É claro que não me refiro a todas as neuroses e traumas que são casos genuínos e suficientes para se buscar ajuda profissional, mas ao narcisismo que vem sendo fomentado em todos os lugares, da mídia à educação, e que tem dado ferramentas para uma geração de pessoas que acham que, quando ajudadas, inclusive por Deus, este não tem mais do que a obrigação de fazê-lo!

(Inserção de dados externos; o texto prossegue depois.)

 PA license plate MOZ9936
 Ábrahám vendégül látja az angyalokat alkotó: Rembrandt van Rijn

No meio evangelical, tínhamos aqueles tipos transloucados que ensinavam a “por Deus contra a parede” para que Ele pudesse abençoar o indivíduo. Esta demência não é fé, de qualquer tipo, senão uma neurose narcisista, que inverte miseravelmente os papeis de servo-Senhor que temos entre nós e Deus. Não é à toa que uma das características mais marcantes dos últimos tempos, segundo o Ap. Paulo, é que os homens seriam “amantes de si mesmo” (2 Tm. 3:1, no grego é filautos).

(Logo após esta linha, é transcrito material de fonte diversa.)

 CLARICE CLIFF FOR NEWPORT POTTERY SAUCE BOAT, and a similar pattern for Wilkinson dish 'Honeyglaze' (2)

É esta característica, o egoísmo, que melhor explica a ausência de corações gratos em nosso meio; mas em cujo seio sobram pedintes, ávidos em ter, em receber, doídos com o mundo que não lhes dá de bandeja – posto que o mundo nunca deu nada a ninguém de bandeja -, e cheios de remorso com Deus, pois em suas mentes, é a obrigação de Deus de prover-lhes, não o que precisam, mas o que querem!!
Agindo assim, não vemos e jamais veremos as bênçãos de Deus. Não que tenham cessado, pois não cessaram. Não cessaram os milagres divinos, o cuidado, os dons, as maravilhas, os livramentos; não cessaram o bom conselho, a proteção, o pastoreio divino, o fruto do Espírito, as promessas, a bênção ou a vida de Deus em nós! Nada disso cessou.
O que tem sido cada vez mais escasso é o coração humilde e contrito, não egoísta, consciente, vivo, agradecido. Creio que esta questão passa, necessariamente, pela sabedoria. O sábio, o que realmente investiga, não louva outra coisa além do Criador (Sl. 10, 103:1-3), e como vivemos em uma era de escassez total de corações sábios, não é de admirar que vejamos cada vez menos corações gratos.
Repito: Deus não cessou nenhum de seus milagres. O que tem cessado de modo alarmante é a nossa capacidade de percebê-los, compreendê-los e, por eles, darmos glória a Deus. De coração.